JMF: How did the photo shoot factor in?

SD: I was initially planning just to do a series of selfies and post it on Facebook and Instagram, but then a random opportunity arose for me to get the shoot done at the studio of the incredibly talented Michele Jorsling [2]. I had to do another photo shoot there […] and I asked if she could spare some time to take just a couple of shots of me in the dress [afterwards]. She obliged, and that’s how this amazing shoot happened.

JMF: The whole feel is very Caribbean, invoking the region’s dance traditions through the dress’ wide skirt—like that of a Bélé [11] dancer—and your cheekiness in the photos echoes that vibe. The design is also a nod to Trinidad and Tobago’s Carnival spirit—the idea of dress-up and disguise—which the pandemic has deprived us of.

SD: Yes, I was definitely conjuring up the coquettishness of some of our African-Caribbean dances, which tease and also challenge through movement, gesture and look. I thoroughly enjoy using those devices; it’s part of playing the masquerade of the message. And the design of the skirt is certainly a nod to the voluminous, patterned bélé over-skirt.

This dress is definitely along that performative ‘dance and mas’ spectrum. I hope that it is considered a mas! Because isn’t mas supposed to delight, provoke and intrigue? Earlier this week, a cutting-edge traditional Carnival costume designer reached out to me to talk about possibilities of a digital collaboration, using recycled materials, which is right up my alley. You just never know where your little rant in your little dress will lead you.

JMF: How would you describe the essence of a Caribbean woman through this dress?
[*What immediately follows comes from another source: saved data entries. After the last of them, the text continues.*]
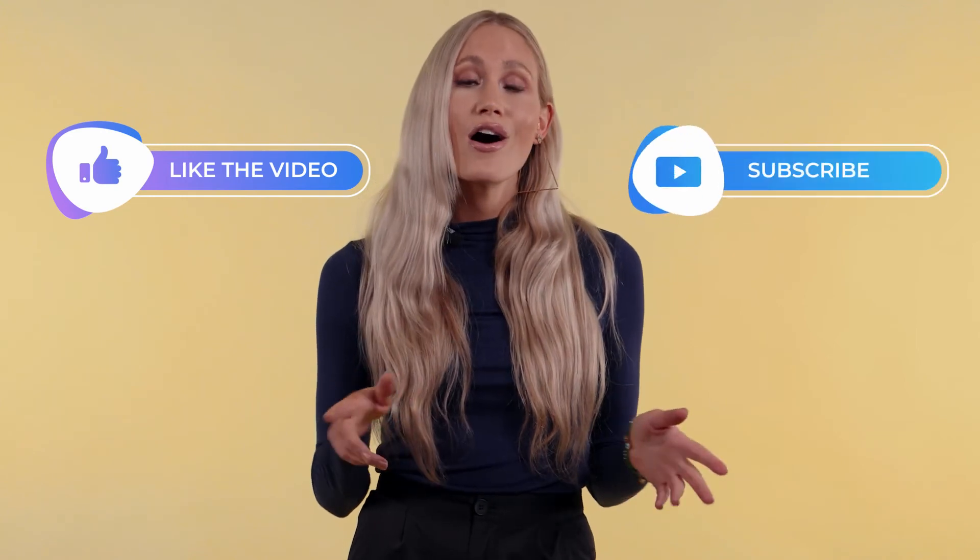Don't forget to hit the like button, subscribe, and check out all of our videos coming up.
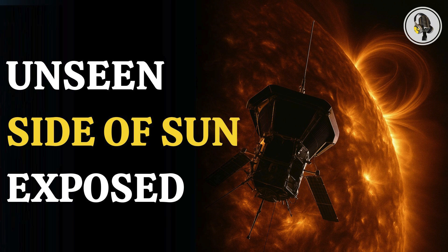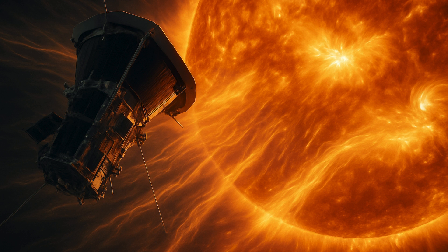NASA's Parker Solar Probe has taken the closest images ever from the Sun, capturing eerie waves just 3.8 million miles from the solar surface. These photos show the Sun in a new light and can help scientists better understand the Sun's influence across the solar system.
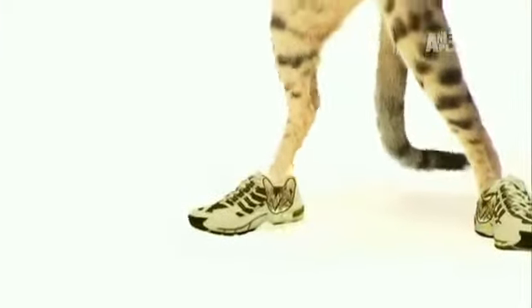A cat that can jump seven feet in the air? Someone get the Serengeti a shoe contract. I think that's about as tall as Shaquille O'Neal, so that's pretty tall.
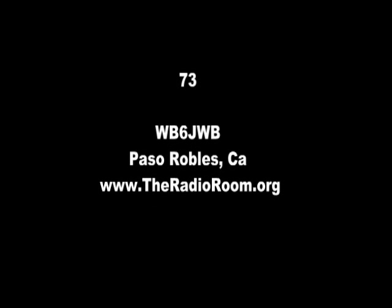Well, that's about it from the shack. Thanks for having a look at my remote base system. Hope to hear you on the air sometime. This is Sean, WB6JWB.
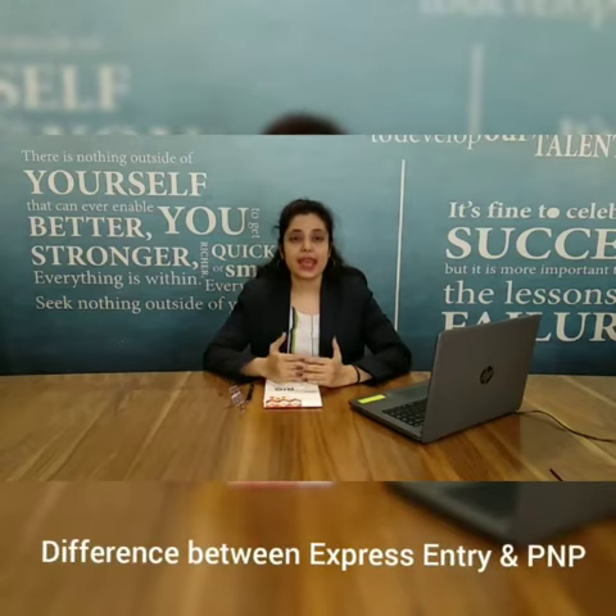In Express Entry, you have to achieve a high band score in IELTS, which is a bit difficult to approach for Canada PR. Whereas in PNP, you have an option where we help you apply your profile on the basis of your occupation in demand and also with a low IELTS band score.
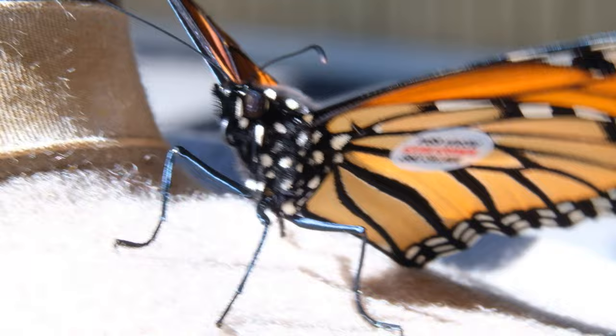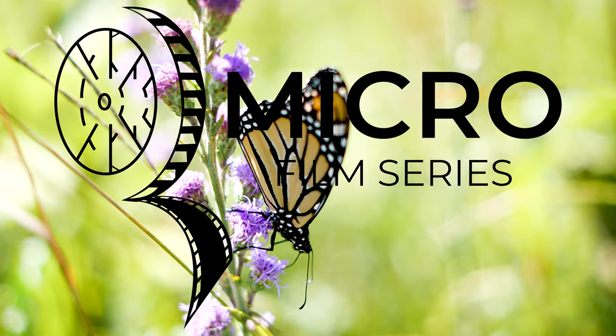I would say the number one thing you can do is plant native plants that the monarchs can nectar off of. So a big thing is doing your research, figuring out what plants they like and growing those plants so they have food.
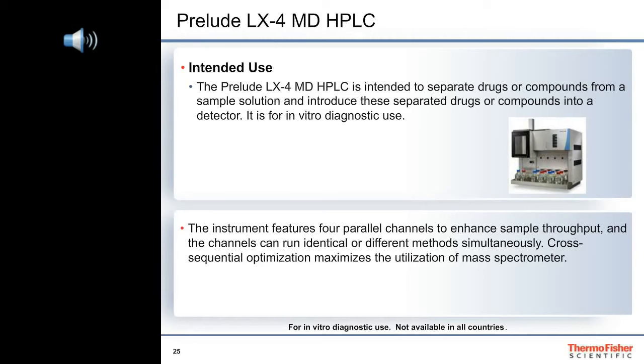The Prelude LX4 MD HPLC is intended to separate drugs or compounds from a sample solution and introduce these separated drugs or compounds into a detector for in vitro diagnostic use. It has four parallel channels which can run identical or different methods simultaneously. Cross-sequential optimization maximizes the utilization of the mass spectrometer. If all channels run methods that have a total run time of four minutes and data windows less than one minute, then a throughput of almost 60 injections per hour can be achieved — staggering injections across all four channels almost every minute.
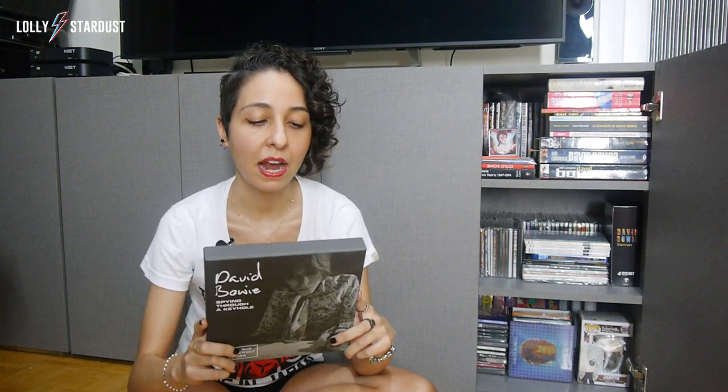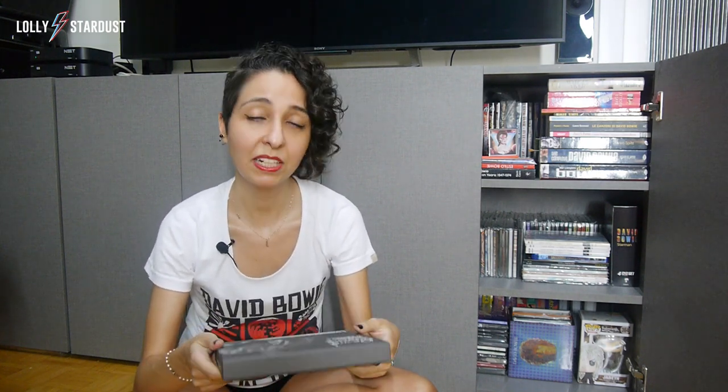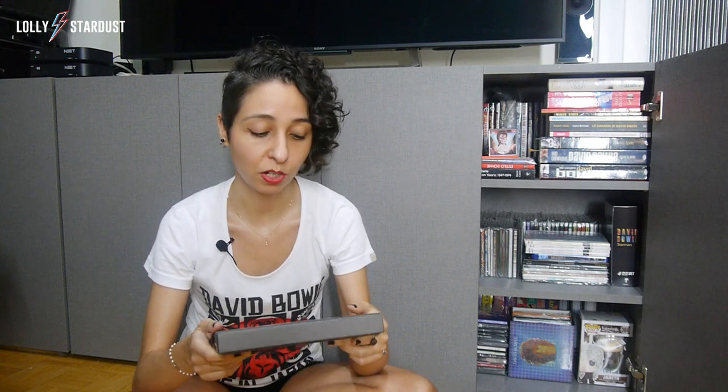Today I'll show you everything that's inside. The first one up is Spying Through a Keyhole. This one was the first of a few David Bowie releases planned to coincide with Space Oddity's 50th anniversary back in 2019. I always thought this was a really nice box set to have — I don't even know why it took me so long to order it. But I'm glad I finally did. It includes demos and unreleased songs and things we hadn't heard before.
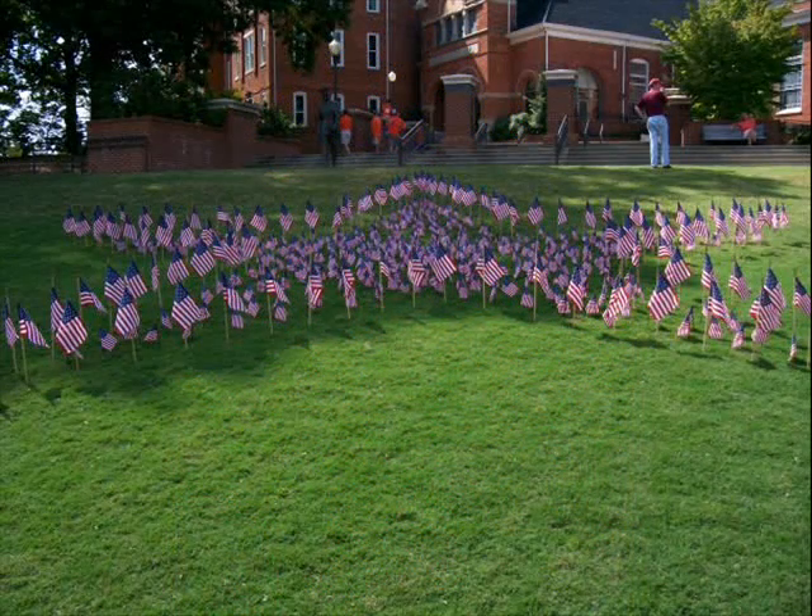Clemson has a rich military heritage. During football season, one Saturday is set apart for Military Appreciation Day. It is commemorated with different activities, including American flags placed on Bowman to honor Clemson alumni who have served their country.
SD: I’m using this word a lot these days, but ‘resilient’. It speaks of confronting one’s fears and conquering some of the anxiety, and of using humour to lift oneself up – as a woman, as a human. I’ve always thought of myself as an intense person with strong opinions and a sense of justice and fearlessness. […] I thought I had reached my zenith with all of that. But then, in the face of the pandemic, I’ve found a new font of mental and spiritual strength to cope with what has come my way in the last eighteen months. It speaks to a kind of self-reliance that the Caribbean woman knows she has, deep down inside. What’s different now is that in my isolation, I’ve had to time to think about how this new level of resiliency shapes my life, and what I’m going to do with it going forward. It’s scary and it’s beautiful at the same time.

JMF: These images say to me that there’s beauty and excellence to be found in even the most mundane of things if we approach it with the right frame of mind. Is that the secret to making it through this pandemic? Critical thinking with a dash of humour?

SD: I think that's a really good way to look at it. But don’t forget the healing factor. As much as the dress might capture the attention of someone who sees it because of its unusual nature, and as much as it raises big world questions like the future of food security, there is a more personal intent behind it. I made it to cheer up myself and others at a depressing and challenging moment of our human history. It’s a suggestion of how we could craft our own healing—at least some of the time—with, as you say, mundane objects. So one major message is that you don’t have to look too far or spend too much to create something that lets you vent and makes you smile at the same time. Use the objects in your environment and heal yourself through your own creativity.